TV's Most Accurate Portrayal of Miranda

Friday, June 11, 2010

Transcript

This month, the Supreme Court changed how suspects might or might not communicate a wish to waive their Miranda rights. David Milch, co-creator of the seminal cop show NYPD Blue, says he tried to more realistically portray the use of Miranda. DePaul University law professor Susan Bandes says the show is indeed very real, and from the cop’s perspective.

Comments [4]

Chris Gray from New Haven, CT

Mr. Sanson isn't following developments here. Police departments are catching up with the 21st century, slowly.

Jun. 18 2010 09:22 AM
James McCollum

Great to see the use of NYPD Blue in the story. Bill Clark eventually became an executive producer of the series. But you used too much David Caruso in your sampling. Caruso abandoned the show early on,only to show up later in the soulless,"CSI" franchise. Dennis Franz was the true star of the series,though originally second billed. Great example:Franz' human lie detector test(season 2,episode 3 and Caruso's second to last appearance). "Beep! Beep!" I am a flaming far-left liberal,but seeing Franz' Andy attempt to redeem himself over the years (what the show ultimately was about)was a joy to watch.
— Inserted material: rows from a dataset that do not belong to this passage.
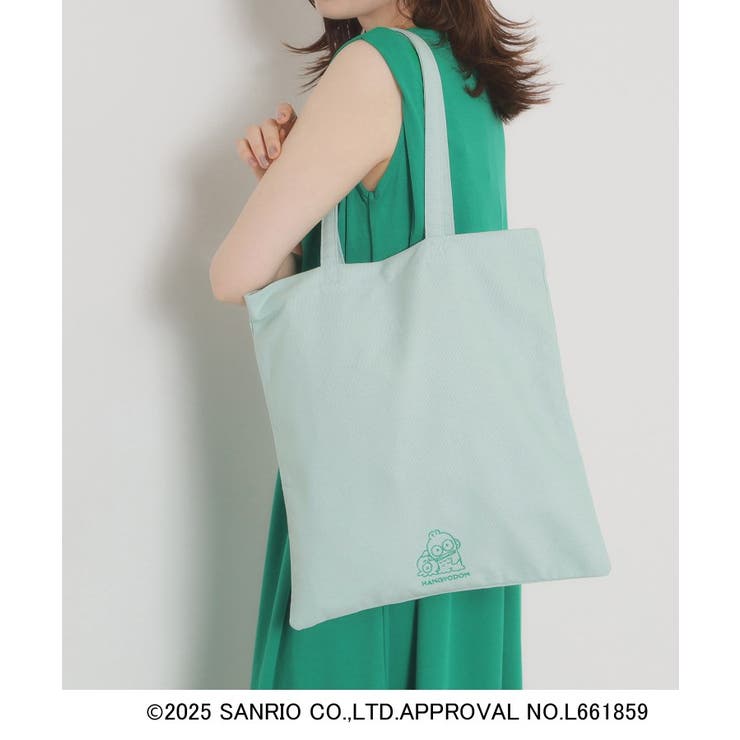 ハンギョドン(022) | ＜サンリオキャラクターズ＞フラットトート【A4対応】 | ITS'DEMO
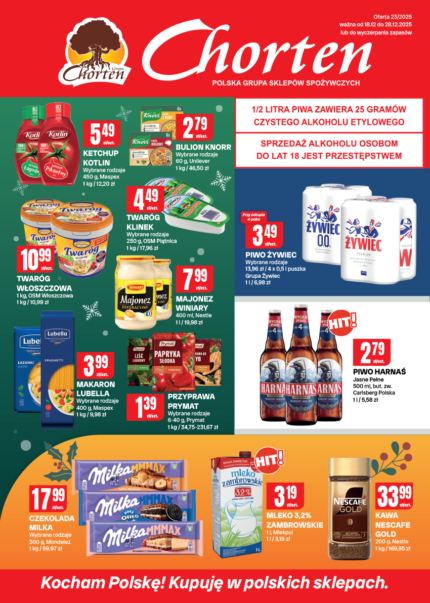 Gazetka | 18.12.2025 &ndash; 28.12.2025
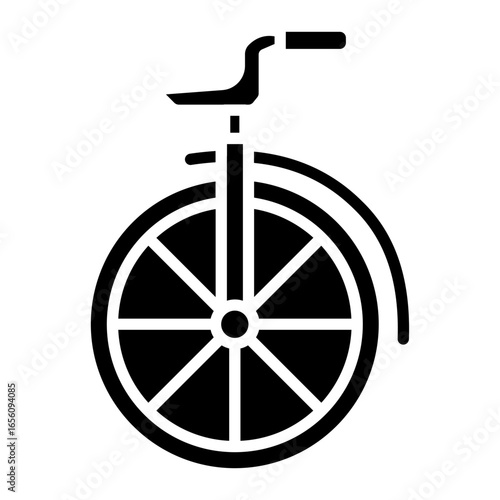 Unicycle Icon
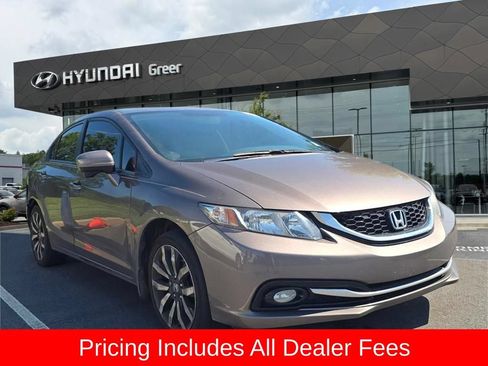 Used 2015 Honda Civic EX-L image 1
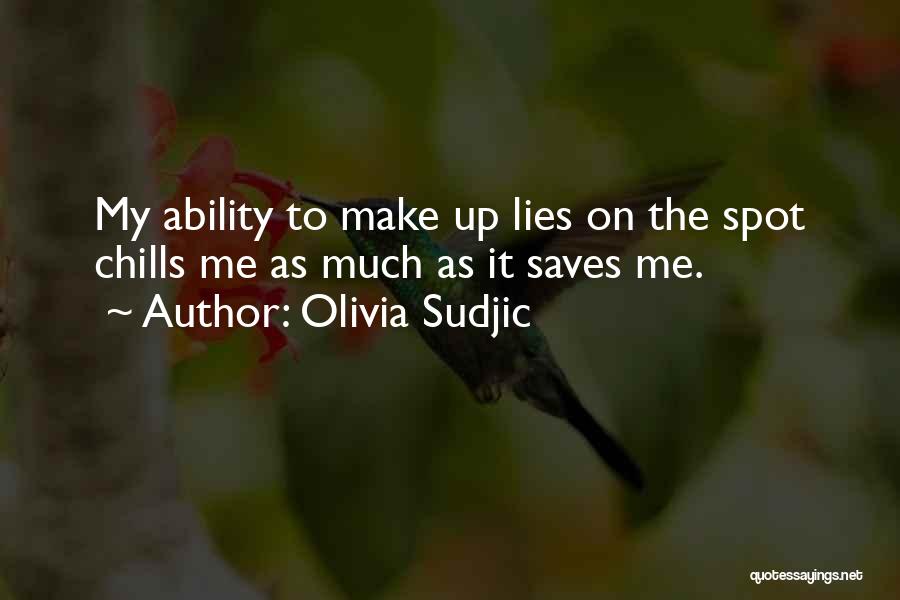 Olivia Sudjic Quotes 1329315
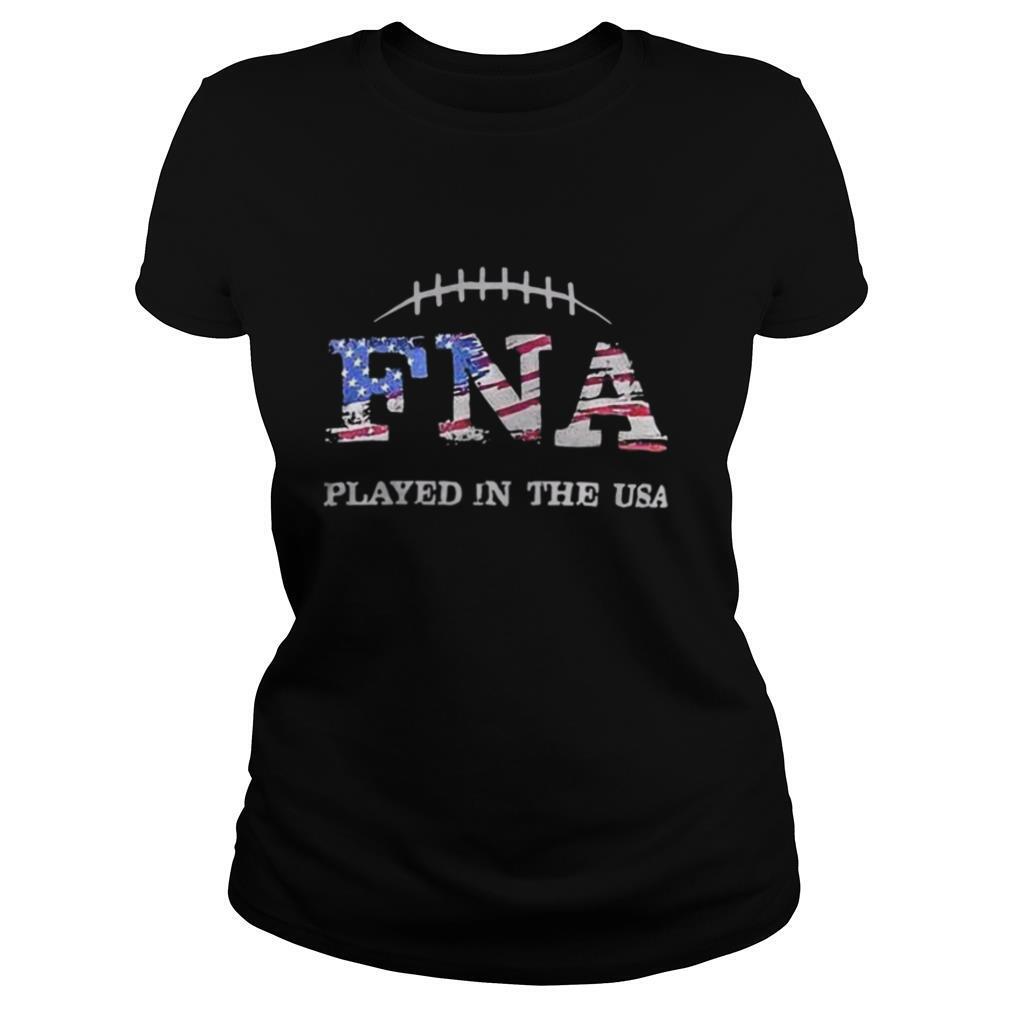 Fna Played In The Usa shirt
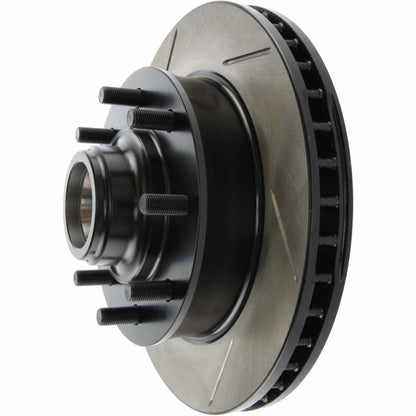 StopTech 96-02 Chevy Express Cryo Front Right Slotted Rotor 126.66027CSR
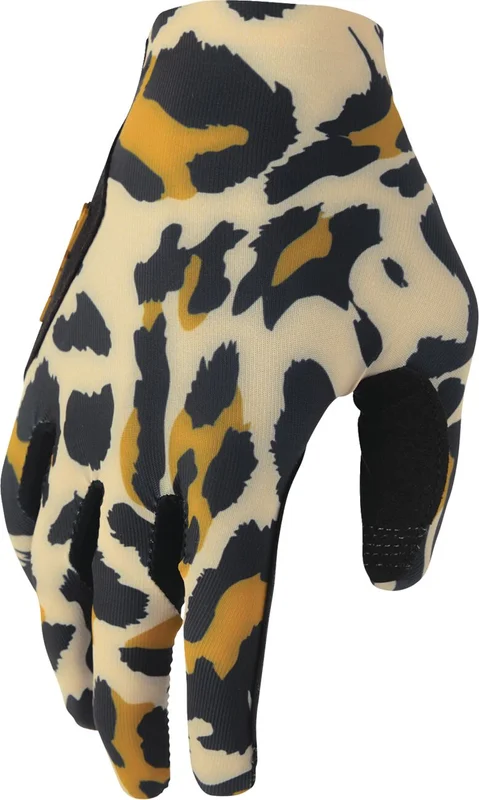 THOR GLOVES WOMENS SPORTMODE CHEETAH TAN/BLACK SM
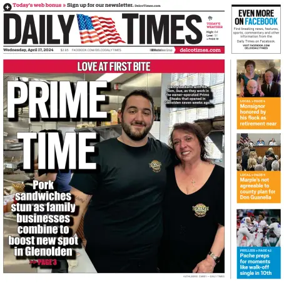 Cover of Daily Times (Primos, PA)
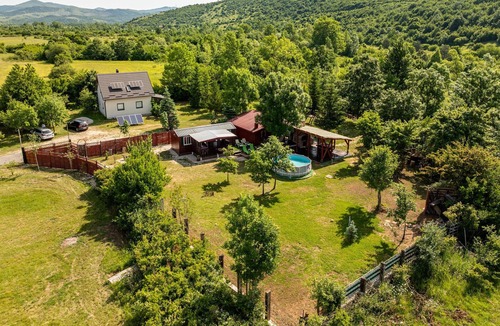 Gracac House | Gorgeous home in Kijani with indoor swimming pool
The plot line here centers on an abusive husband;a little part of Andy's past is in this guy,er,perp.

Jun. 13 2010 12:19 PM
Nathan Chadwick from Winston-Salem, NC

I cringed when David Milch consistently said when cops give the suspects their rights. The police are not the granter of rights upon the citizenry. Miranda Rights merely reiterate rights the suspect already holds before any contact with the police. They make police work better. As the attorney rightly points out the police are not the final judge, jury, and executioner of the suspect. I'm glad that David Milch is satisfied with the reality he has portrayed on his TV show, but god forbid he create a cop with a conscience beyond their own high sense of self importance.

Jun. 13 2010 01:14 AM
Hugh Sansom from Brooklyn, NY

In Britain and other countries, police interviews/interrogations of suspects are recorded. Not so in the US. Here, police and government officials have relentlessly opposed recordings. Don't want cops caught breaking the law, I guess.